Ob Deichmann einen Antrag auf Staatshilfe stellen müsse, hänge davon ab, wie lange die Krise anhalte. "Wenn wir am 20. April unsere Läden wieder öffnen können, wird das nicht notwendig sein. Aber wenn die Läden jetzt drei Monate geschlossen bleiben sollten, müssten wir auch darüber nachdenken."

Rabattschlacht zur Wiedereröffnung befürchtet

Der Unternehmer befürchtet, dass selbst nach der Wiederöffnung der Läden das Geschäft eher verhalten anlaufen wird. "Wir haben das ja in China beobachtet, auch dort hat es eine Zeit gedauert, bis die Umsätze wieder das Vorkrisenniveau erreicht haben." Außerdem rechnet er mit einer Rabattschlacht. "Je länger die Schließung dauert, desto weniger passt die Ware noch zur Saison. Außerdem stapelt sich ja in den Lagern die unverkaufte Ware. Dann wird man sicher sehen, dass viel reduziert wird."

Adidas-Chef Kasper Rorsted hatte sich schon am Wochenende in einem Interview mit der "Frankfurter Allgemeinen Zeitung" um Schadensbegrenzung bemüht. Es gehe dem Unternehmen nicht darum, die Miete für den April nicht zu bezahlen, sondern lediglich um eine Stundung, sagte er.

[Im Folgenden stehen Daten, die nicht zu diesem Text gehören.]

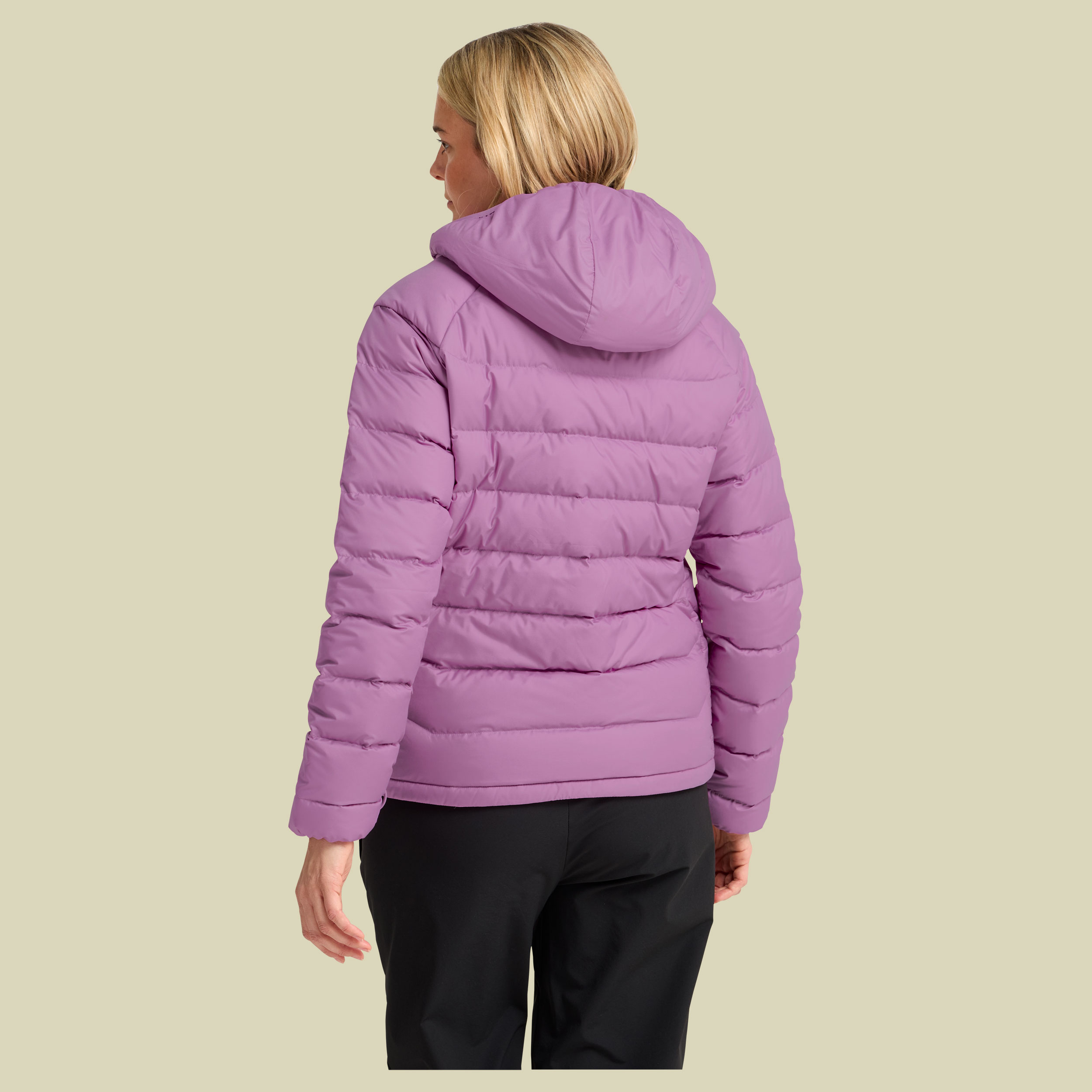 Wild Pass Down Hoody RDS Women XXL lila - vivid orchid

Auch H&M betonte am Montag, es gehe erst einmal nur um eine Aussetzung der Zahlungen, nicht darum, keine Miete zu zahlen. Der Geschäftsführer von H&M Deutschland, Thorsten Mindermann, betonte: "Unser oberstes Ziel ist es, mit all unseren Partnern, sowohl private als auch institutionelle Vermieter, jetzt schnell individuelle Lösungen für die Mieten zu finden."